Ce jeudi 19 octobre, les vainqueurs de chaque pays se sont confrontés par poules lors du Red Bull BC One Last Chance Cypher. Ils ne seront que quatre à accéder au saint des saints: la grande finale de samedi, qu’une douzaine de participants sont déjà assurés de disputer grâce à une «wild card». Parmi ces intouchables: le Japonais Issin. «Il n’a que 18 ans, relève Lotus. Imaginer avoir son niveau technique dans un an, franchement, c’est chaud.» Bien que le concours soit hyper-prestigieux, le Red Bull BC One n’entre pas dans les qualifications olympiques.

Mateo Prinz est cette semaine le plus jeune des concurrents en lice. A-t-il une chance d’intégrer le top 16? Prudence. En même temps, lors de la finale suisse de mai dernier, il n’imaginait pas s’imposer face à Moa, breaker plus âgé, spectaculaire et déjà deux fois consacré… «J’ai gagné, c’est vrai, mais c’est une question de moment, analyse-t-il humblement. J’estime toujours que Moa m’est supérieur, mais à l’instant T, les juges ont tranché en ma faveur.»

Une nouvelle génération de breakers a éclos. «C’était ma première participation et c’est pareil à Paris, sauf que, cette fois, avec la b-girl Becca, on représente la Suisse.»

La subjectivité des juges
 

Sa victoire à Zurich, le b-boy de Prêles a dû la digérer. «Quand on a annoncé mon nom, j’ai eu du mal à réaliser, avoue-t-il, et même ensuite, j’ai été victime du syndrome de l’imposteur, me demandant si je l’avais vraiment mérité. Ça fait trop bizarre d’être projeté d’un coup tout en haut.»

Le jury, on l’a dit, joue un rôle prépondérant. La part de subjectivité est importante. Comment départager deux breakers aux styles radicalement opposés? Tel un danseur classique, chaque concurrent doit exprimer de la personnalité. «Honnêtement, je n’aimerais pas être juré», avoue Mateo Prinz. 

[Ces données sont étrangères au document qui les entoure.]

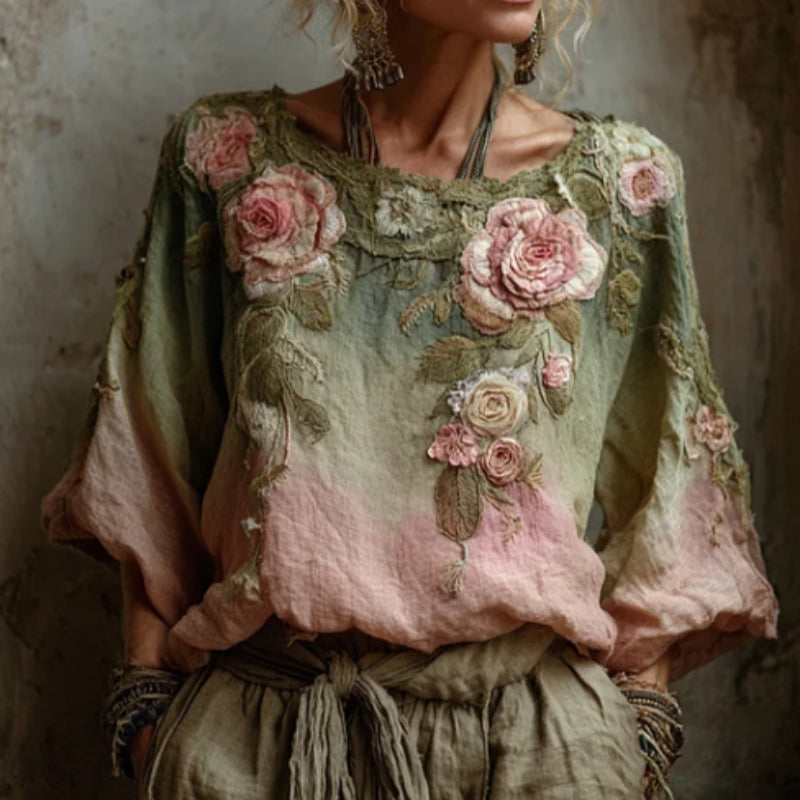 Rose Linen Blouse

Pour lui, «la finesse est plus importante que l’acrobatie, parce qu’il s’agit de danse». «La technique, ça se travaille, même si certaines figures exigent un temps fou. Ton style, en revanche, t’appartient. C’est plus délicat à développer.» La figure du lotus – jambes croisées comme au yoga – est sa signature. Il s’efforce de la décliner de plusieurs façons, pour surprendre. «C’est ma marque de fabrique, ma singularité.»

Lotus est habité par son art. Il se réjouit de voir «l’écart séparant encore les filles des garçons se réduire à vue d’œil». «Ce que propose la b-girl française Syssy, par exemple, à 16 ans, est juste exceptionnel.»

Pour sa semaine parisienne, Lotus a optimisé sa préparation, s’exerçant tous les jours pendant des heures. «Le break, c’est se creuser la tête, affirme-t-il. Pour Paris, j’ai commencé par inventer de nouveaux trucs que j’ai insérés à mon set. Si le jeudi 19 octobre est mon jour, je ne devrais pas me rater, mais ça reste forcément aléatoire.» Epatant, ce garçon.